## Work item
Search the entries for the word "logo" and return every line where it is found.

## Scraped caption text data
---+---

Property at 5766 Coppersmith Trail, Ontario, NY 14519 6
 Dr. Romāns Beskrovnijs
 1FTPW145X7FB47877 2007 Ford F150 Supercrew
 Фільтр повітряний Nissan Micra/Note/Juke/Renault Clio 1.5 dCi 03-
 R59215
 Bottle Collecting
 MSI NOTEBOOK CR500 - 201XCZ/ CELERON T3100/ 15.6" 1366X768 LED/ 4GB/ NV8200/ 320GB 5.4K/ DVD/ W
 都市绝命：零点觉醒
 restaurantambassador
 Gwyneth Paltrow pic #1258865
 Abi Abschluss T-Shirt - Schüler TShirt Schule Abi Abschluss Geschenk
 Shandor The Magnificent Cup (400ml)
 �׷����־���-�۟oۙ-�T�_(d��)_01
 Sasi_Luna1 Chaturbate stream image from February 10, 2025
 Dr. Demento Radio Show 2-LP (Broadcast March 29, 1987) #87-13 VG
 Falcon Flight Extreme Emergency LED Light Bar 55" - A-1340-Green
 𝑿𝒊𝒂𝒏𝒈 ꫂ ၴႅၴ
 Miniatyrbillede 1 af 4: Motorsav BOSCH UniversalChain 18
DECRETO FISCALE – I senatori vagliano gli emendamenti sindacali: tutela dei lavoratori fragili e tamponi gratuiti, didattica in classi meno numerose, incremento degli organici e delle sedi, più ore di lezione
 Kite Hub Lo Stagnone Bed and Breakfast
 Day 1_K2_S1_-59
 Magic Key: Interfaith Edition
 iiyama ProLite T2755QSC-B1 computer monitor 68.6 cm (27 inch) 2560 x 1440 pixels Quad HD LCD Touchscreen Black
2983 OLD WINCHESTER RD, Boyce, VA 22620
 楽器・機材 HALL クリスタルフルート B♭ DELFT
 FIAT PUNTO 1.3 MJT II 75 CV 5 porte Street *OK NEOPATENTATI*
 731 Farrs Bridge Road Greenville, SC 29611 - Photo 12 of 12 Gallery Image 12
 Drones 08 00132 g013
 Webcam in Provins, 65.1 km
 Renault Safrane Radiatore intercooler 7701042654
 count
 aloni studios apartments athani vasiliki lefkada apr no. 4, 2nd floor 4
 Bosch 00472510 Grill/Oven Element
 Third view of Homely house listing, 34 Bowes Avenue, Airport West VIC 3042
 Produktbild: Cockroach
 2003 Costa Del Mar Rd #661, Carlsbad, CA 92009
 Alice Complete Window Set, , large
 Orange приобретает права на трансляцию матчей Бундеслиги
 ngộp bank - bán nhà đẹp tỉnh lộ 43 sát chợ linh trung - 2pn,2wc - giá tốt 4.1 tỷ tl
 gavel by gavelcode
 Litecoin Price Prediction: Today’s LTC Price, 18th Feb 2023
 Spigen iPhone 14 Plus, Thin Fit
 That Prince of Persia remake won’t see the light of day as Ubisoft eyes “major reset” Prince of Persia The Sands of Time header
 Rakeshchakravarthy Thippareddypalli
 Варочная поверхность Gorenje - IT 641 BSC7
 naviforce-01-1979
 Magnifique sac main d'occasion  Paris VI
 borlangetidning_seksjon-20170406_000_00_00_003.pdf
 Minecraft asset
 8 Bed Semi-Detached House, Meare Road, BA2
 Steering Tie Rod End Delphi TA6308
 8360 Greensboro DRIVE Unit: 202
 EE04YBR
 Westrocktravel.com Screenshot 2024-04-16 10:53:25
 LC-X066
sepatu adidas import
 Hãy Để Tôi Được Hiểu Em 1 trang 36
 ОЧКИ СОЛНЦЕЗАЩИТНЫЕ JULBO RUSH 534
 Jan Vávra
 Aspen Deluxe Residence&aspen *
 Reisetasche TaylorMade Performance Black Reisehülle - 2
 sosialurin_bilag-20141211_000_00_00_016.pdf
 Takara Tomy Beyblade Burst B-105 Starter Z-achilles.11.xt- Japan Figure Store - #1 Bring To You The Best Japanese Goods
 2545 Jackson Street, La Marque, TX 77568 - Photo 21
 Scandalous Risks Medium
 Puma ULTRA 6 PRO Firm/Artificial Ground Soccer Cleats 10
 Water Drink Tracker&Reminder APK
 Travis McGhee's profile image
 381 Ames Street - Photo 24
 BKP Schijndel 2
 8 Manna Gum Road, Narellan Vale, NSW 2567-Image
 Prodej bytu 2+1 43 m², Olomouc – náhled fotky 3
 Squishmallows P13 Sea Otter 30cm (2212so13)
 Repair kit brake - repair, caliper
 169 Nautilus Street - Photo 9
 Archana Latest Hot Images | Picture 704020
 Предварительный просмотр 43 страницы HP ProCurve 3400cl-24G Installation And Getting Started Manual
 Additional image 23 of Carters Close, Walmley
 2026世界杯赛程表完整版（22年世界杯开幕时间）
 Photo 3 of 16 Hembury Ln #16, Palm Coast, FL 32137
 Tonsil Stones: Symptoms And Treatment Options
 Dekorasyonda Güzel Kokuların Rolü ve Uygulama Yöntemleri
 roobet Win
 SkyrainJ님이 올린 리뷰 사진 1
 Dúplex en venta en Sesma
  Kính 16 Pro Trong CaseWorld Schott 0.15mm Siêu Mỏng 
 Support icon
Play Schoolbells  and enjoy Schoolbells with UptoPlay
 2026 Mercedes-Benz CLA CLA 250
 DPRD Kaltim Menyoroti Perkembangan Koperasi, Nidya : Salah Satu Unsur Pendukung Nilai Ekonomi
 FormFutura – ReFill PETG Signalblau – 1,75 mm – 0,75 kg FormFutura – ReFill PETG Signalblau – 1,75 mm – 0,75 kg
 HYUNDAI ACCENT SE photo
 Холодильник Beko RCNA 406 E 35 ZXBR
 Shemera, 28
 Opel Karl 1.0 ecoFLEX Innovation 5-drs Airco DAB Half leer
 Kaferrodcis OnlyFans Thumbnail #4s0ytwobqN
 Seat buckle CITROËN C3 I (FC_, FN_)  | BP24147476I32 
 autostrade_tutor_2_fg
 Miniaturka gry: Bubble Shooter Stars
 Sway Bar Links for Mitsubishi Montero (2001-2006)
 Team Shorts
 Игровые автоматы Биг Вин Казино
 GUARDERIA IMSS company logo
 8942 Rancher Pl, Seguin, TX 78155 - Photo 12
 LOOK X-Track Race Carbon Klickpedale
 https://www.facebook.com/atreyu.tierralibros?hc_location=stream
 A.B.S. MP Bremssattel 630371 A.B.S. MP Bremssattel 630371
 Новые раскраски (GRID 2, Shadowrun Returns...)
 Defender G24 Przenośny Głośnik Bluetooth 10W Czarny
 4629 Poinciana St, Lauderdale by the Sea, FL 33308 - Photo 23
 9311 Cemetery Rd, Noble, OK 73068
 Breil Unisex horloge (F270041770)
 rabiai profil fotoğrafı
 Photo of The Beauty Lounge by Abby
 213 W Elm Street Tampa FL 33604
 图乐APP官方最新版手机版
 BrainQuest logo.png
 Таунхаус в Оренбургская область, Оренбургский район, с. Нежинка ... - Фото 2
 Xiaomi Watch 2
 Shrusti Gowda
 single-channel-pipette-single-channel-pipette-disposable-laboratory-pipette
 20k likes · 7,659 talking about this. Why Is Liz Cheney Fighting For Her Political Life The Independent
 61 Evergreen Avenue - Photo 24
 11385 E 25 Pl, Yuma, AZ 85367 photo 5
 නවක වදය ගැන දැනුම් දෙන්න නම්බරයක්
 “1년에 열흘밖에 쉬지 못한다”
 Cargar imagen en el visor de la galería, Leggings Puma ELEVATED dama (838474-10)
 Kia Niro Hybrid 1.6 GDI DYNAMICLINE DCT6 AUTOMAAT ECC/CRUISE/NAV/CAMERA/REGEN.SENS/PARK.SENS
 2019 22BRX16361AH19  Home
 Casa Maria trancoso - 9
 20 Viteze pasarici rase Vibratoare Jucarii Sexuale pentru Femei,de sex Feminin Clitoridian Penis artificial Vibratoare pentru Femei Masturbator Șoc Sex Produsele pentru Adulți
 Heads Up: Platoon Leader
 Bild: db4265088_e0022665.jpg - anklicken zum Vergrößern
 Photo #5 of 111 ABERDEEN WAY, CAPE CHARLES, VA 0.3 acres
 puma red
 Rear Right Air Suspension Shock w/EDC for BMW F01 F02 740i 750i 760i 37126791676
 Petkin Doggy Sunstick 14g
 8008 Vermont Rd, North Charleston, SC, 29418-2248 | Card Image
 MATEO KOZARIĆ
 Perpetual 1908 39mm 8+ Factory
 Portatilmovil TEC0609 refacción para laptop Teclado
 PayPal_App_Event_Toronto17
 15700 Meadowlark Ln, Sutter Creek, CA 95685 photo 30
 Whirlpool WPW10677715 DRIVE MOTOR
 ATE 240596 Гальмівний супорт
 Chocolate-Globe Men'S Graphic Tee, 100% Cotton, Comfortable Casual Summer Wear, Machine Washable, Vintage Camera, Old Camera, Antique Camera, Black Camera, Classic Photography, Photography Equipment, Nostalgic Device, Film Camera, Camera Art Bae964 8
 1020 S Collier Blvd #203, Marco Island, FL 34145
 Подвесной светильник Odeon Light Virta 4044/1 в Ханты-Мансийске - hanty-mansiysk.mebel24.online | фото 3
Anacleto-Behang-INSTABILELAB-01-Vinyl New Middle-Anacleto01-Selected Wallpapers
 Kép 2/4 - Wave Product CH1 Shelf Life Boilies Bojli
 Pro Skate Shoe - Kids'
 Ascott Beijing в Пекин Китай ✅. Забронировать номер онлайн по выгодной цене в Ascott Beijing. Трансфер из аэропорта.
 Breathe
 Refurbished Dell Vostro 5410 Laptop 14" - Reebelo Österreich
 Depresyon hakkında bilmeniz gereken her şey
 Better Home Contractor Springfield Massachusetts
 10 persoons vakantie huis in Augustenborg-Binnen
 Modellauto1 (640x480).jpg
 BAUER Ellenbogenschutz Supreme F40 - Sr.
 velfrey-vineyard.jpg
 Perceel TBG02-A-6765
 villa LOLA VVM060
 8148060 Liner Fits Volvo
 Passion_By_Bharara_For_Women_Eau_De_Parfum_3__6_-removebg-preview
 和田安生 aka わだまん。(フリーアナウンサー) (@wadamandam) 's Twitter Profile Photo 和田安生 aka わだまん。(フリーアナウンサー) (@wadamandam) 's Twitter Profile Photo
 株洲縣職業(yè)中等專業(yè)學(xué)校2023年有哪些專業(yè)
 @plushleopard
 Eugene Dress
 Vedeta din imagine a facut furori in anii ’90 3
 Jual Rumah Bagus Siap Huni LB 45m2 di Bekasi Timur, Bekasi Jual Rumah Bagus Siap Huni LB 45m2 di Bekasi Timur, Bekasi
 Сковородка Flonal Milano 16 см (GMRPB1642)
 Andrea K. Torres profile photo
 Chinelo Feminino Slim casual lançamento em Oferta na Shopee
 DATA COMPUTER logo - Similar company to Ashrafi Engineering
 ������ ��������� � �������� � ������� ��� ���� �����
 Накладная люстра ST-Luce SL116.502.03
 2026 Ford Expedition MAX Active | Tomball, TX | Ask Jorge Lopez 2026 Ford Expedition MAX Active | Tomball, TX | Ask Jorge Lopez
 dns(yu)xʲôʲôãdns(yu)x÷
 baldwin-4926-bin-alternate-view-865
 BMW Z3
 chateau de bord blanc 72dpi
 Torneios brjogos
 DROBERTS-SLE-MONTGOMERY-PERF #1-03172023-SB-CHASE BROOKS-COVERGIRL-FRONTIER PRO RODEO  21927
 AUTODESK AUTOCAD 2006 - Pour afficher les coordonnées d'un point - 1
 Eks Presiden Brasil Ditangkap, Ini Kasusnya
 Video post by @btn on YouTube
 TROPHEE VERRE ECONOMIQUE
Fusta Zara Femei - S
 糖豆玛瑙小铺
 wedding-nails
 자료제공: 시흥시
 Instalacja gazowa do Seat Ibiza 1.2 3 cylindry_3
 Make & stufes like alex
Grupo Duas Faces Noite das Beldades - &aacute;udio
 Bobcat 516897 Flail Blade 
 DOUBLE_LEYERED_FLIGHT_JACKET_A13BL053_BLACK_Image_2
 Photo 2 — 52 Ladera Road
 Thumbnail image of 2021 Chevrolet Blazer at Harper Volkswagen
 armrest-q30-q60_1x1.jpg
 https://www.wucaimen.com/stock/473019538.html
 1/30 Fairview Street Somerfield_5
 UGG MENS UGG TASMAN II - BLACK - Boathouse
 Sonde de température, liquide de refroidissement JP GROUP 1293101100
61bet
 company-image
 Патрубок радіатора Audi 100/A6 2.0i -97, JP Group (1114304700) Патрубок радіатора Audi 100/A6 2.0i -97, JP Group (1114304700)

---+---

## Output
 GUARDERIA IMSS company logo
 BrainQuest logo.png
 DATA COMPUTER logo - Similar company to Ashrafi Engineering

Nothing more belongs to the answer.